Hong Kong: Lunar New Year
On the 31st of January 2014, the year of the snake will give way to the year of the horse in Chinese culture. The 31st will also mark the beginning of long days filled with Lunar New Year celebrations that you cannot miss.
Hong Kong is famous worldwide for offering its visitors an unique mix of Asian and European culture. This day-by-day guide will show you how to enjoy this Spring in Hong Kong to the limit!

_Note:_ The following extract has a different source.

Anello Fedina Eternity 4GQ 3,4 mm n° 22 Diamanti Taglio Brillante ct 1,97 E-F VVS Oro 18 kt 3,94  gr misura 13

Chinese New Year’s Eve – 30/01: The streets of Hong Kong welcome you. The front doors are covered in red banners, the streets are crowded and there are flower markets all around. Locals hit flower markets before greeting the year to find a bloom that will bring them luck and help them reach their goals and dreams. There are many locations to choose from, but all will be equally colorful, aromatic and crowded. On this day, the markets are open from noon up to 6AM of the 31st. You can meet the year there if you want, or head down to the Wong Tai Sin temple, said to be able to realize any wish upon request. All you have to do is light up the incense burner and put it in the holder – the earlier you come the better, as wishes are supposed to be given out in a first-come-first-serve basis.
Chinese New Year – 31/01: If your year hasn’t started in the Wong Tai Sin temple, the first thing to do is head there right away. The evening is reserved to one of the most popular events in Hong Kong, the International Chinese New Year Night Parade. The harbor becomes a big party dotted by local and international performers and brightly colored floats. You can book a place at the spectator stands, with tickets between HK$300 and HK$400 (between $40 and $51), or just watch the parade for free in the streets as it passes you.
Chinese New Year Day 2 – 01/02: The highlight of the second say of the Chinese New Year is Victoria Harbor, where the night skies will be set ablaze by a splendid display of fireworks.
Chinese New Year Day 3 – 02/02: Superstition says that on the third day of the Chinese New Year, one is likely to get into an argument. The solution? Avoid short fused people, and head straight to Che Kung temple for a divine help to keep things cool. In the evening, the hot spot is the racing track, where locals and foreigners alike gather to watch the horse races.
Chinese New Year Day 4 – 03/02: On the fourth, the normal opening hours finally resume and you can hit all the regular shops as you would in any other day. The night is special for football (or soccer, you choose) fans as the Lunar New Year Cup finals take place.
Chinese New Year Day 7 – 06/02: Here’s an interesting one – the seventh day of the Chinese year, ‘renri’, is the average person’s birthday. How to celebrate it? Treat yourself, and wish yourself and everyone you meet a happy birthday!
Chinese New Year Day 15 – 14/02: The last day of the Chinese New Year celebrations is marked by the Spring Lantern Festival. Lantern displays, traditional performances and lantern riddle contests go on and on, closing the celebrations in style.